As a child I can remember wanting to be a professional baseball player. My mom told me that being a professional athlete was hard. Really hard. She told me to imagine filling a football stadium full of kids my age, and then selecting the one kid who was going to be a professional baseball player. The rest of us… we were going to be doing something else.
Dear mom was merely helping me set proper expectations. I know it is unpopular now to tell your kids that they can’t achieve their dreams. I see other parents telling their children that they can do anything they put their mind to. I get it. We are supposed to be supportive. Trophies for everyone!
You can read on the TST forum around once month some young kid will come on saying he wants to be a professional golfer. Most people say “follow your dreams,” some will say “good luck,” and one or two members will say something similar to what my mom said. A few years ago someone recommended to one of these hopeful people that they read The Talent Code. So I did. The author suggests that greatness isn’t born, but rather expertise is earned through hard work. I thoroughly enjoyed the book.
So when I first heard about the The Dan Plan, I was immediately attracted to the idea. One of the main tenants of The Talent Code is the ten thousand hour theory. Dan was going to test it. Perfect.
As Dan started, I followed dutifully. I read every blog post and followed his every move. He made movies, and I watched all of them. He did an interview, and I read it. I studied him intently. In a way, he was living a dream that I myself would have loved to try.
But after a few months and watching him on his journey I began to question what he was doing. Learning the game myself I saw him making some of the mistakes that I had made when I was first learning the game. This is was extremely concerning because as anyone in golf will tell you, once you start making mistakes and ingraining them into your muscle memory it is going to take you double the time to unlearn it and put the right stuff in there.

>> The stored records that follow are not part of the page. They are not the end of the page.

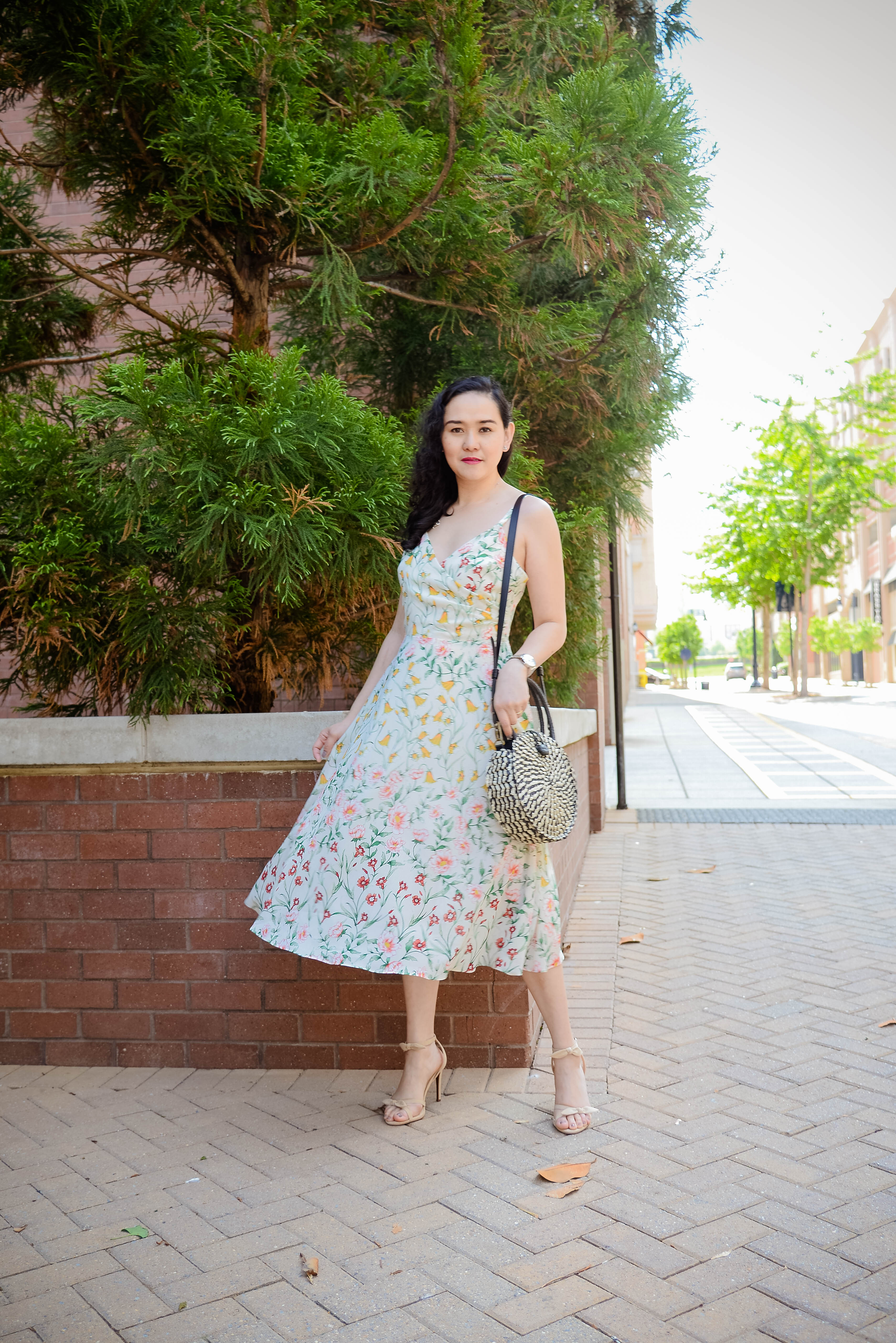 Floral Maxi Dress Dressed Up and Down 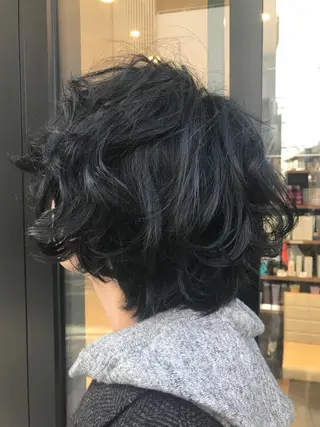 ショート パーマ メンズ Vir by browのヘアスタイル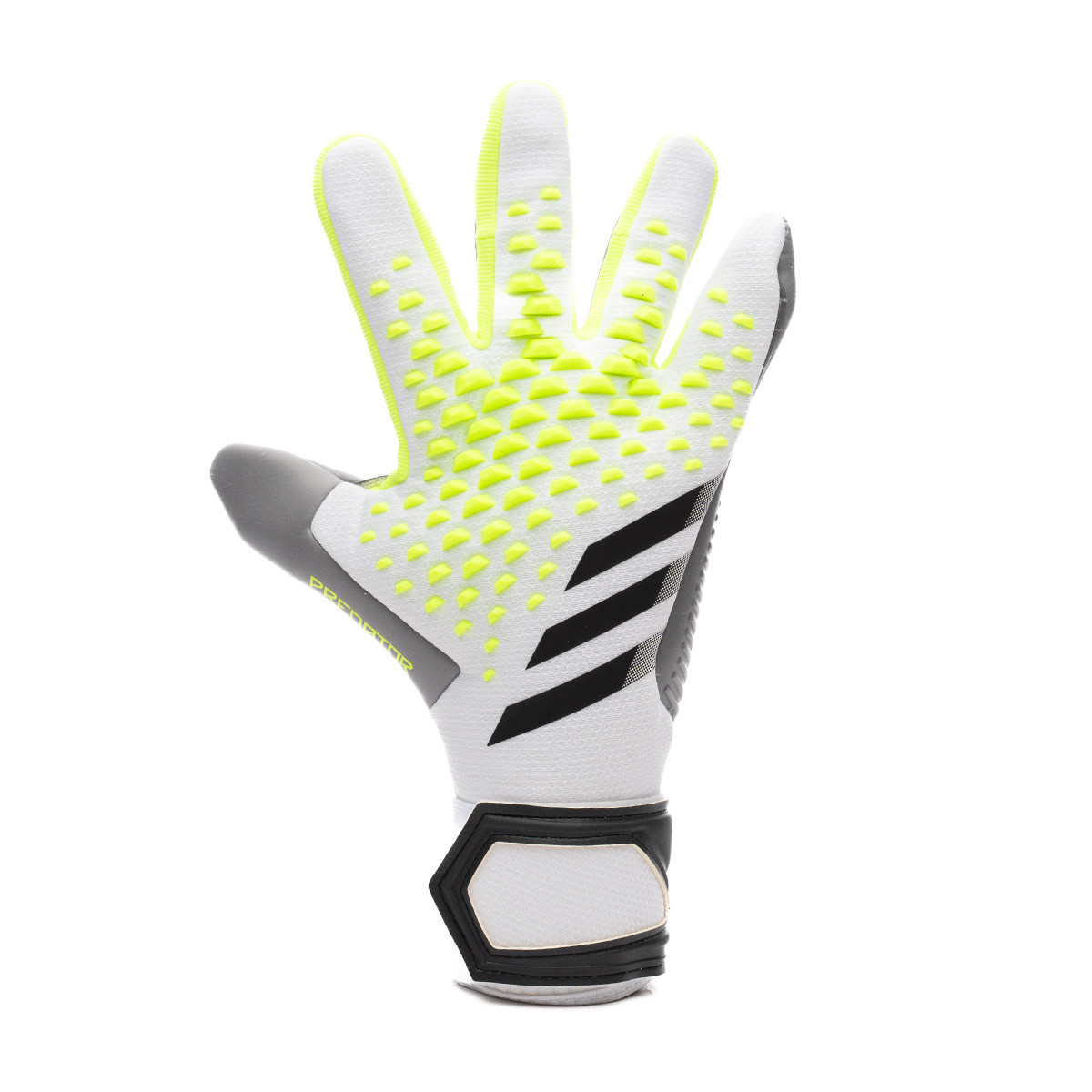 Adidas Predator Gloves Pro Hybrid Goalkeeper White/Lucid Lemon / 10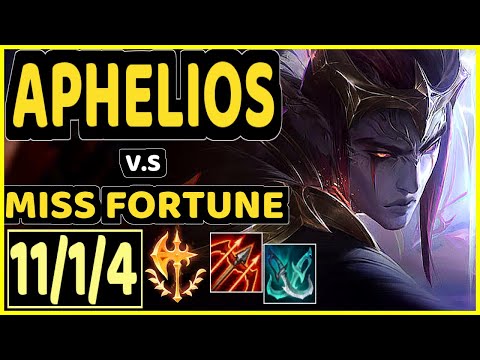 VIPER (APHELIOS) vs MISS FORTUNE - 11/1/4 KDA BOTTOM ADC CHALLENGER GAMEPLAY - KR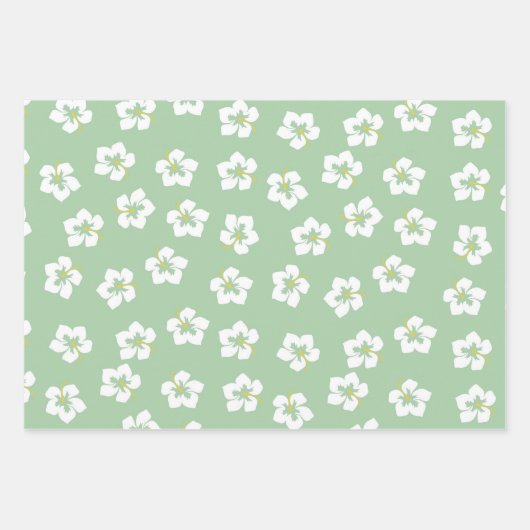 Zomer Kleurrijk Tropisch Bloempatroon Inpakpapier Vel (Voorkant)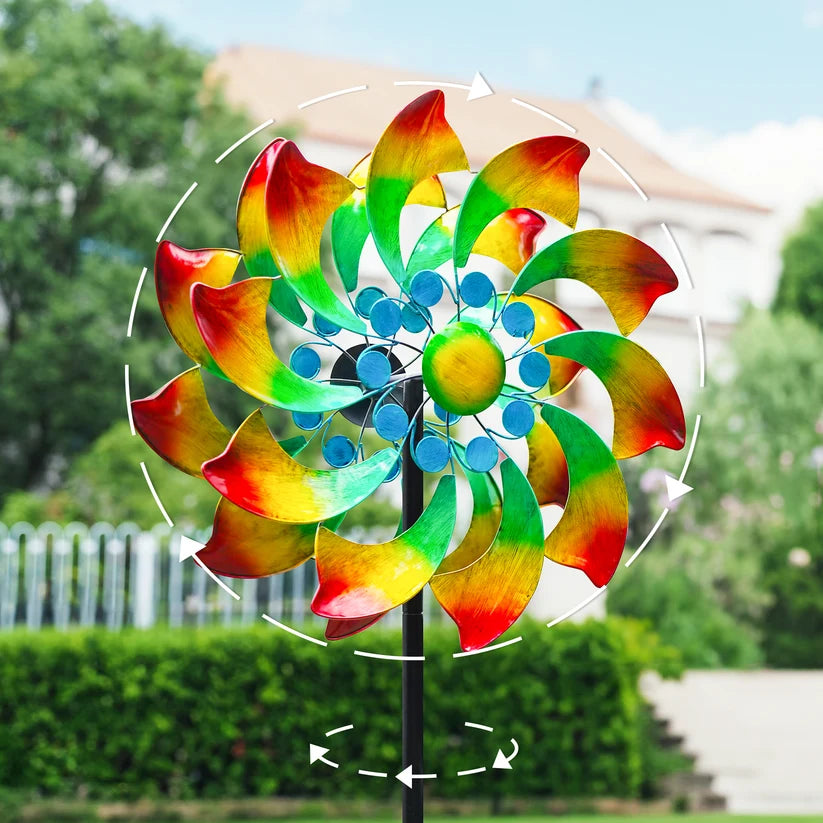 The 'Chromatic Tempest' Kinetic Wind Spinner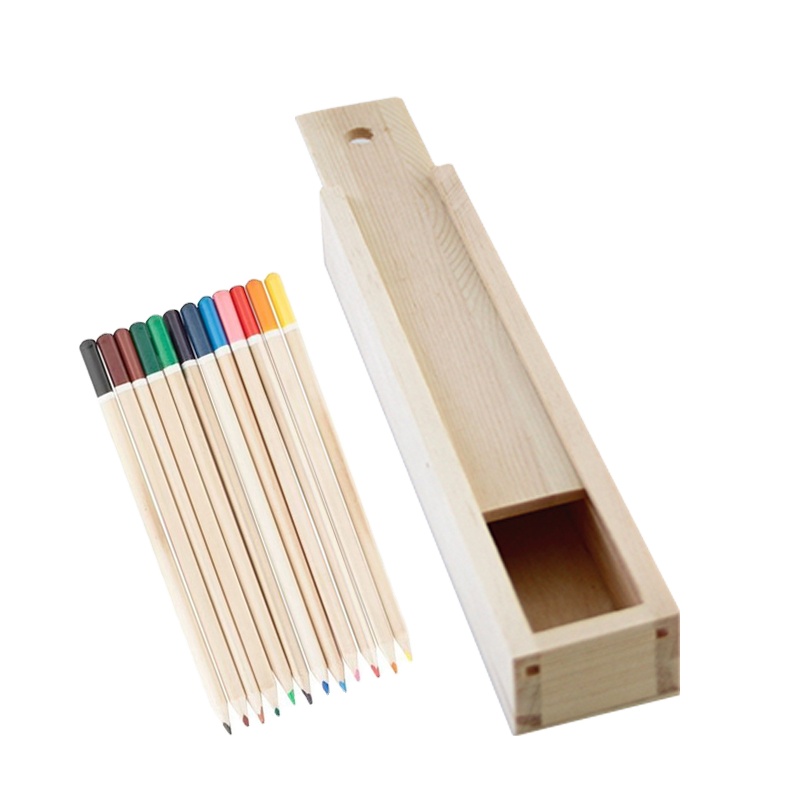 Custom cheap sliding lid pen wooden box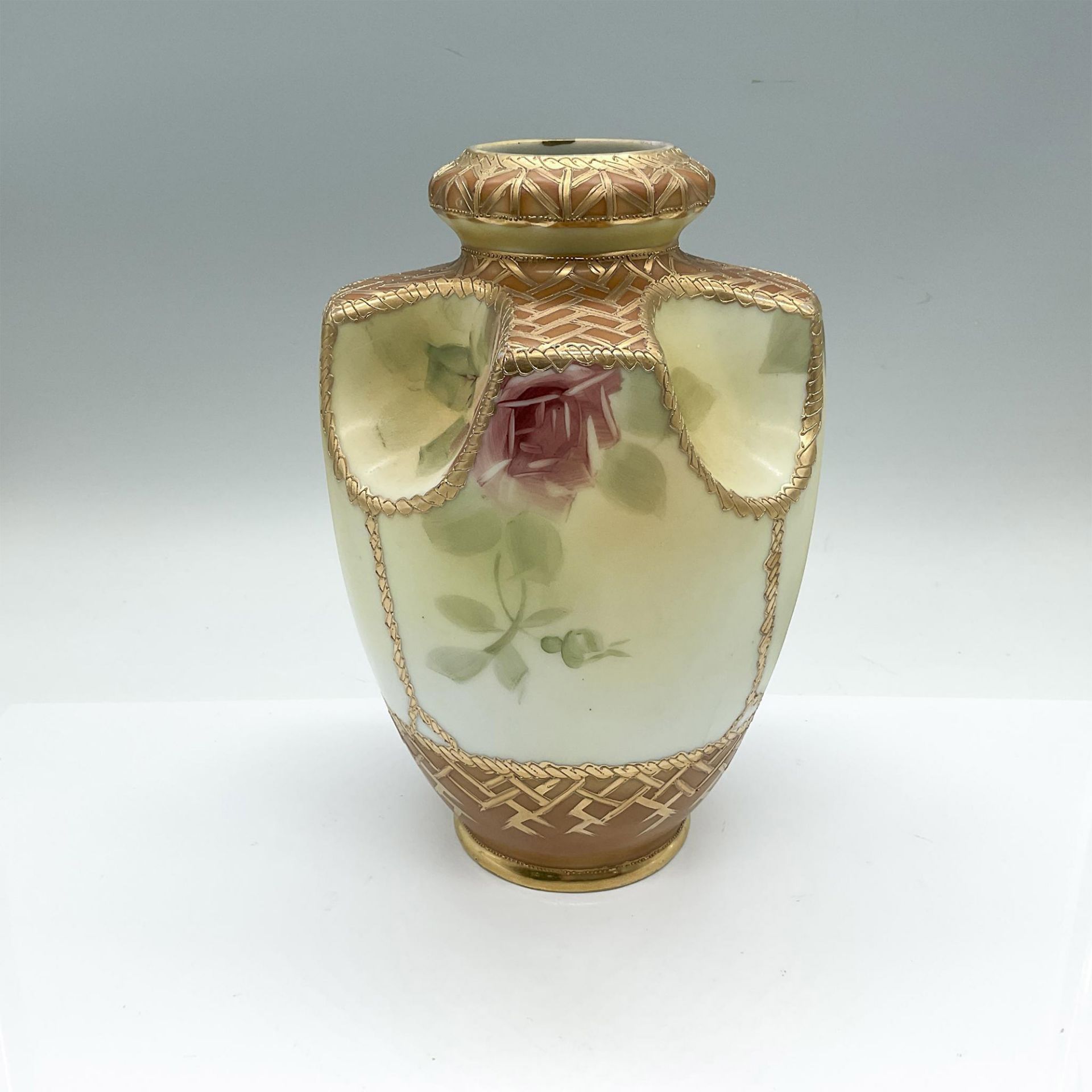 Morimura Bros. Nippon Porcelain Vase - Bild 2 aus 3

He started bouncing around instructors and posting swings that looked like he was not progressing as I would have hoped. Then as I looked deeper I could not find any information on what he was doing for deliberate practice. Some gym work, hitting balls, but nothing specific about what his practice routine was. I began to become disenfranchised.
As an engineer I felt his process for improving was a mess. I began to worry that at the conclusion of the Dan Plan were not going to be able to determine anything about the ten-thousand-hour theory. No conclusion, nothing. The investment of my time to follow him was going to be wasted.
During this time I moved to the Portland area and got the chance to interview Dan. I learned a few things during that interview. One, Dan is a really nice guy. Two, Dan is an artist by trade, and views the world differently than me. He really viewed the Dan Plan as a “meta” experience. Three, he was not going to a professional golfer if he didn’t seek a knowledgeable person, and would probably not even wind up a better golfer than me. That last thing I kept to myself until just now.
Oh, Dan had the chance to surpass me. But he would have needed to do it under the watchful eye of someone smart. Someone who could, every day, teach him the things he needed to work on to get better. Sadly in golf the number of such people is pretty small. Yes, there are thousands of teaching professionals, but most of them are not the smart ones I am talking about. This is of the major problems facing golf right now. In order to grow the game it must be addressed. The golfing bodies that be want to regulate how you hold your putter, roll back the ball, these things are focused on the wrong thing. Improve golf instruction, so people get better faster. Use the knowledge of the smart people who are out there and change the way golf professionals are taught. Stop making them take classes on how to fold a shirt in the pro shop and start teaching them to make golfers get better faster.
In fairness, I see some steps in the right direction. But more progress must be made.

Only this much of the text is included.